The person who sees it as a plane figure might bring a flat object in the shape of the outline of the image above.

Presumably, given the context of this comment, Wittgenstein wants to make a point about how we take explanations of what a word means. - That there is a connection between the way in which someone understands a word and how they use it.

§73

For a sample to be understood in the right way resides in the way the sample is applied - not in the person having some particular mental image before their mind.
Samples OR mental images can be variously interpreted.
§72

The activity of looking for something in common between different samples in an ostensive definition given to you might be different in different cases.
(i) In the first case the person is told, "the colour you see in all these is called 'yellow ochre'". What are the distinctive features of this case?
 (a) The definite article is used (unlike (ii)).
 (b) The phrase 'the colour' is used which tells the person what kind of thing it is they are looking for.
 (c) The person might look at various colours and see that some of them are not featured in all of the samples - they could use a process of elimination.
(ii) In the second case the person is shown samples of various shapes all painted the same colour and told, "what these have in common is called 'yellow ochre'. In this case the person will most likely recognise that the common feature is not the shape given that the samples are various shapes. If the person is familiar with other colour terms they might well recognise that what they are looking for is 'yellow -[something]' and so be pointing in the direction of looking at the colour. Given that there are no other colours involved they won't go through the same kind of process of elimination as in (i).

What can we take from this?
Suggestions:
- That ostensive definitions might take various different forms.
- Perhaps it also draws attention to the idea of seeing-as.
- It could serve as a reminder of the fact that ostensive definitions can be variously interpreted.

Friday 22 February 2013

§71

Although someone may misunderstand your definition of 'game' that does not mean that there is something unsatisfactory with the concept or that it is not a concept or that there is something wrong with ostensive definitions more generally. Any kind of explanation can be misunderstood.

There are other cases where we do not draw a sharp boundary but where what we say is 'fit for purpose' (and perhaps drawing a sharp boundary would not suit our purpose). I might go shopping with a friend and then agree to go off individually and meet up later. I could say, "let's meet outside Sainsburys at about 2pm". - I haven't specified an exact spot to meet - and it isn't even clear what specifying an exact spot would amount to (latitude-longitude coordinates which pick out a precise point? - But then where should we stand in relation to the point specified?)
§70

Wittgenstein wants to say that there are no clear criteria for exactness that apply in every case. What counts as exact depends on our purposes and the kind of thing that is in question.
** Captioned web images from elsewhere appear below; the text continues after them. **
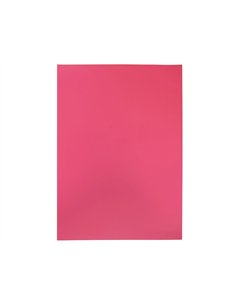 Plaque mousse liderpapel 50x70cm 60g/m2 épaisseur 1.5mm unicolore rose fluorescent. 2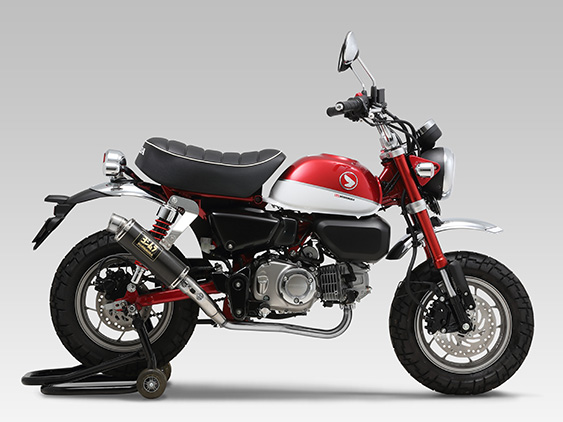 モンキー125(JB02) ヨシムラ(YOSHIMURA) 機械曲 GP-MAGNUMサイクロン TYPE-Down EXPORT SPEC 政府認証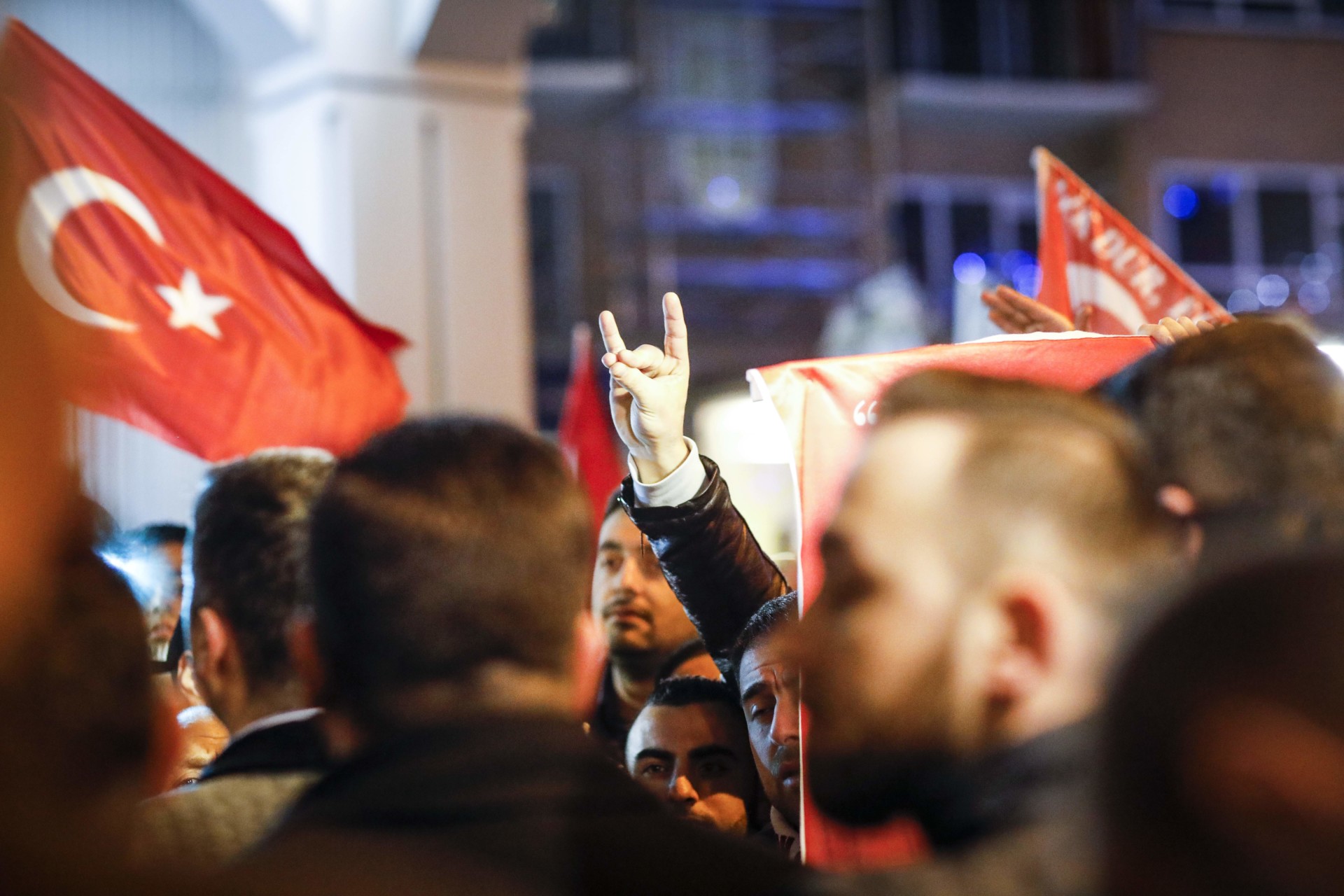 Germany’s ‘Gray Wolves’ and Turkish Radicalization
Perhaps you could say that you've told someone exactly what 'game' means when you've pointed to quite a few games and added a similarity rider and are satisfied that they've understood.
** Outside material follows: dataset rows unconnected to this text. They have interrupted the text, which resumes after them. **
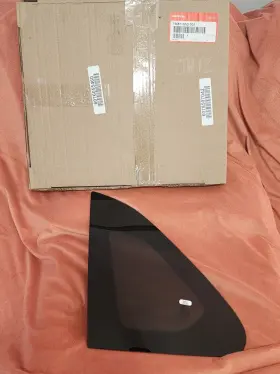 73551-3w0-316 Honda 2023-2025 Hr-v Rear Driver Left Quarter Window Glass 73551-3w0-316 Honda 2023-2025 Hr-v Rear Driver Left Quarter Window Glass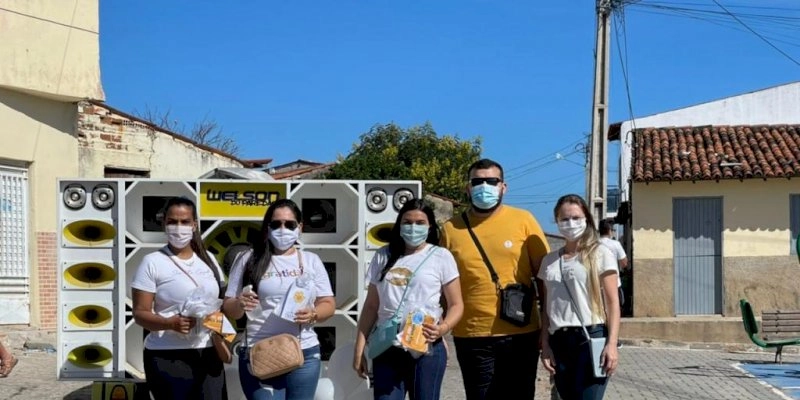 Prefeitura realiza ‘pit stop’ em alusão ao dia nacional de Combate a Exploração Sexual Infantil em São José de Piranhas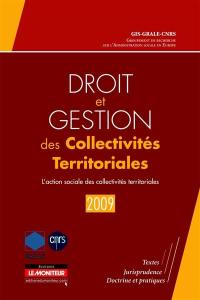 L'action sociale des collectivités territoriales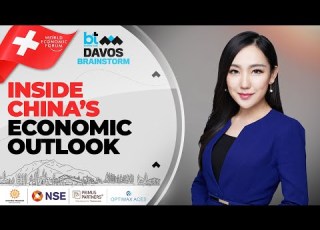 BTDavos2026 LIVE Inside China S Economic View With CGTN Editor Guan Xin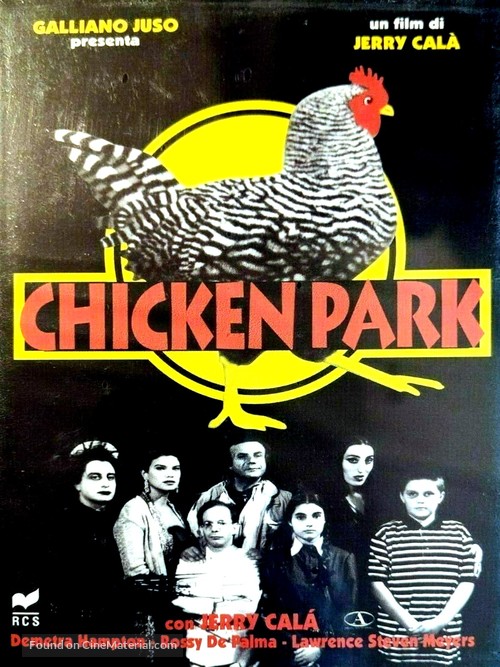 Chicken Park - Italian Movie Poster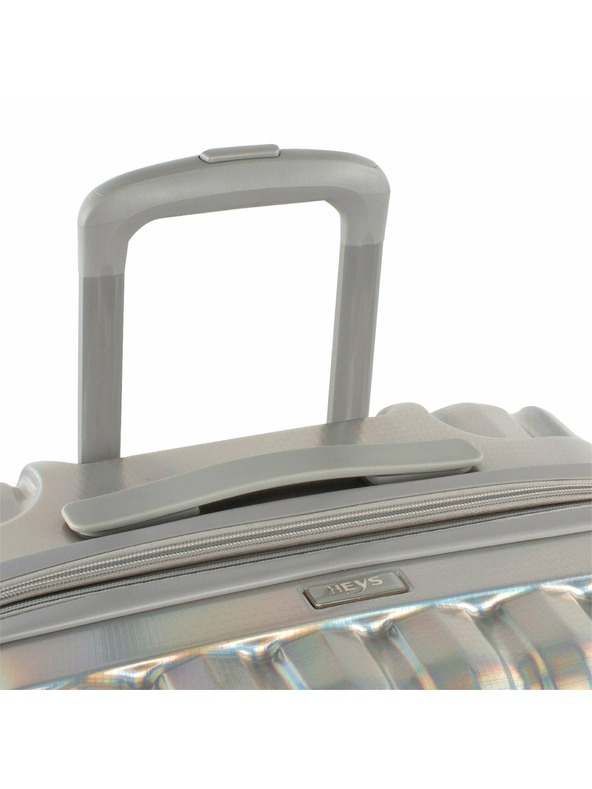 Heys Cestovný kufor v striebornej farbe Heys Astro L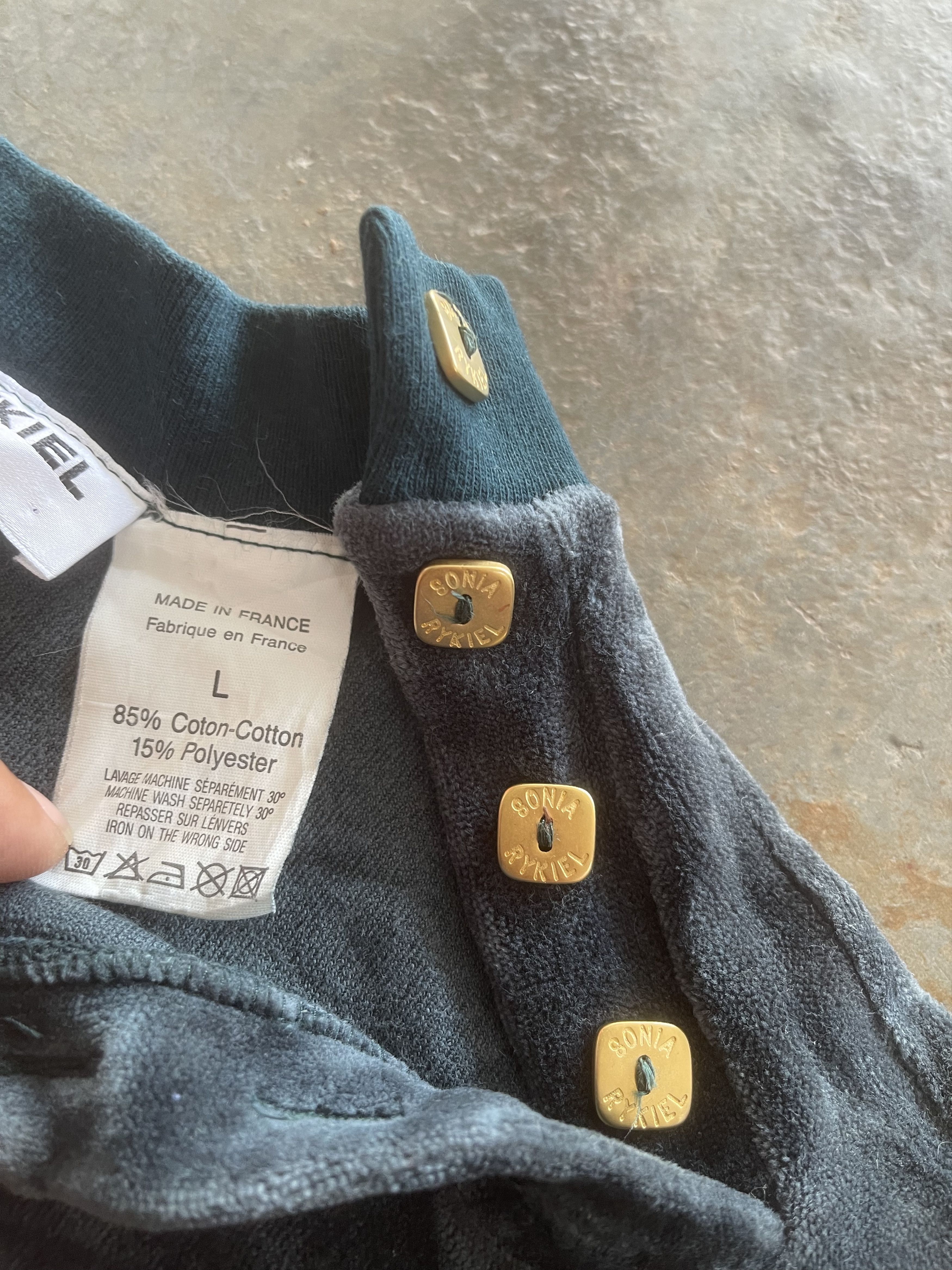 Designer × Sonia Rykiel × Vintage Sonia rykiel vintage france Size L / US 10 / IT 46 - 3 Thumbnail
Is it that what counts as exact depends on circumstances or is it that we'll be satisfied with a certain degree of exactness in certain circumstances and want to be more exact in others? (Or both?) - I think both.
§69

We are not ignorant of the boundaries of the concept 'game' because no boundaries have been drawn (the meaning of a word is not something hidden from us that we might uncover/discover).

We can't tell others exactly what a game is (where exactly the boundary lies between games and non-games) but this should not worry us - the term is clearly usable. What we can do is point to a variety of things that are games (monopoly, football, chess, Halo) and say, 'this is a game, this is a game, and this is a game - and other similar things are called games'.
§68

We could draw a boundary to the concepts 'number' or 'game'. BUT as it stands they do not have clear boundaries and this doesn't worry us.
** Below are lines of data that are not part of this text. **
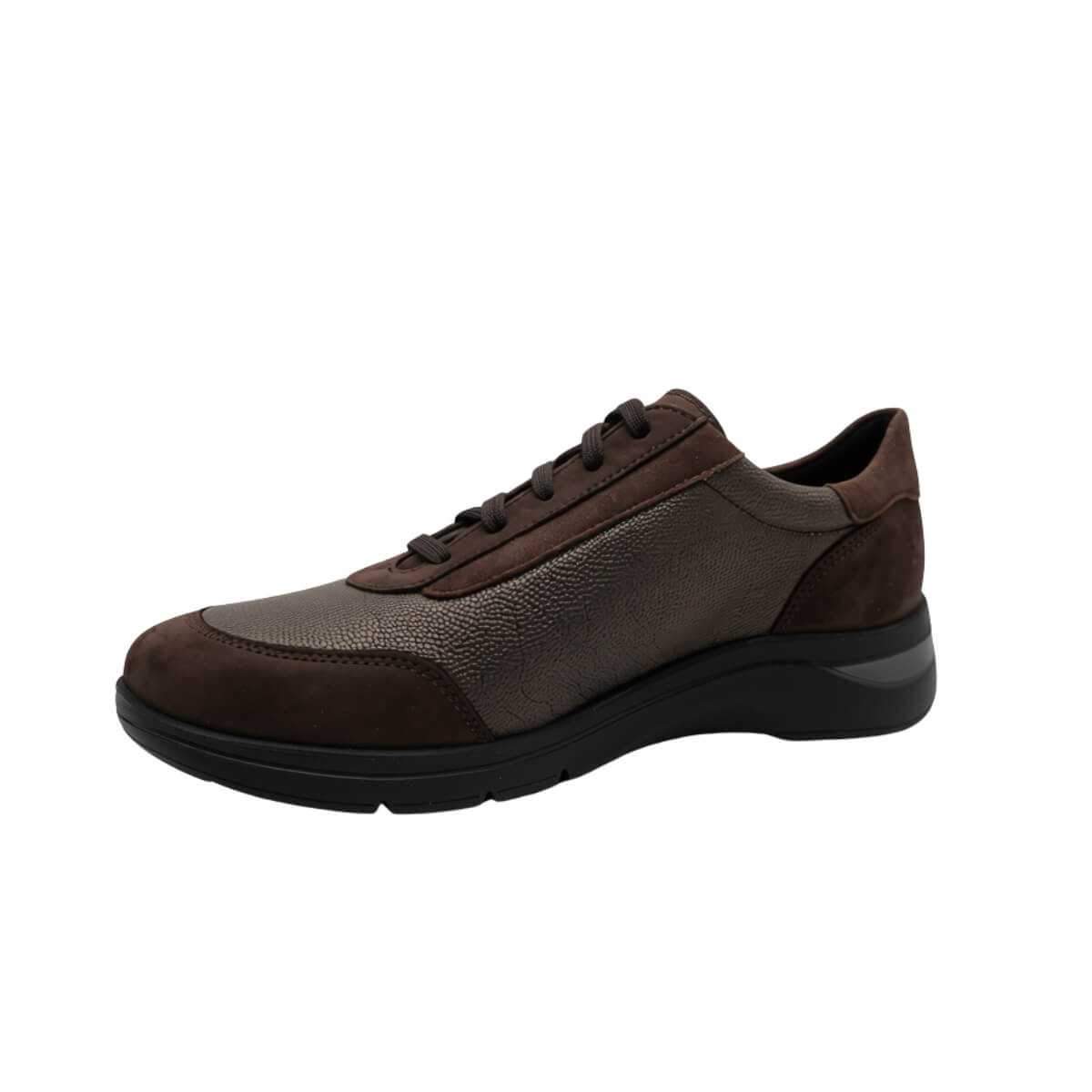 MEPHISTO SNEAKERS MILLENA 6946 ZIP MARRONE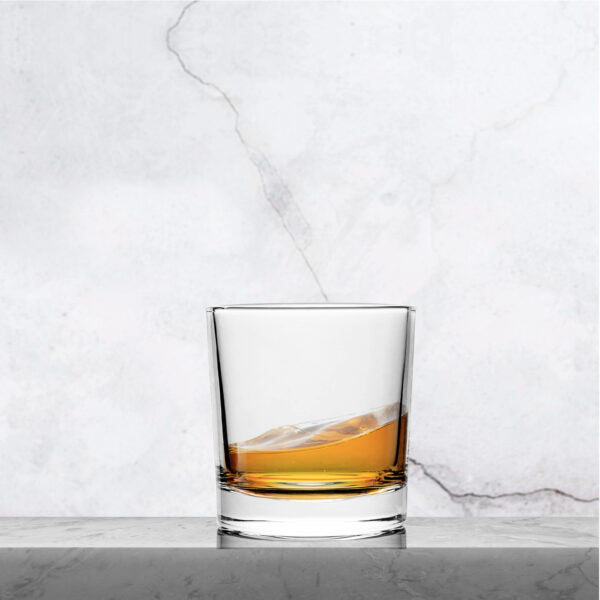 LifeStyle Products 5 pc Brandy and Whiskey Decanter Set
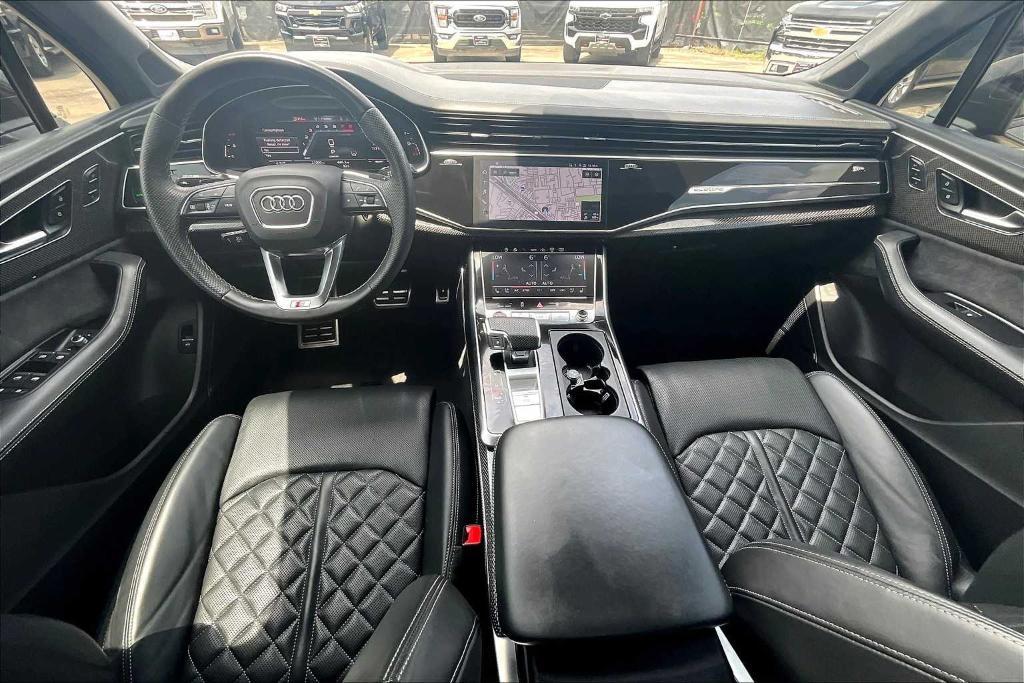 used 2023 Audi SQ7 car, priced at $70,195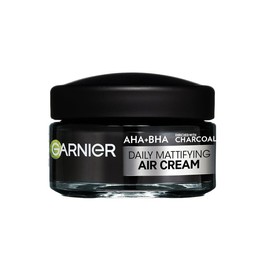 Garnier Pure Active AHA+BHA Charcoal Daily Mattifying Air Cream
We might want to draw a boundary for some purpose (e.g. if there was a 'great-tournament of games' then we might want to draw a limit to which activities will be admitted to the great tournament and which won't).

You might think it a problem that our concept 'game' does not have clear boundaries as it is ordinarily used - that there are not rules which determine exactly what is to count as a game in every instance. But we don't worry about the fact that many activities are not completely bounded by rules e.g. there are aspects of the game of tennis which are not bounded by rules - there is no rule that says you can't throw a ball above a certain height when serving.
§67

Wittgenstein suggests that the 'similarities overlapping and criss-crossing' in the case of games are a bit like the similarities between family members. They might not always resemble each other in exactly the same way. A son might have his mother's mouth and his father's hair (his mouth resembles his mother's mouth and his hair resembles his father's hair).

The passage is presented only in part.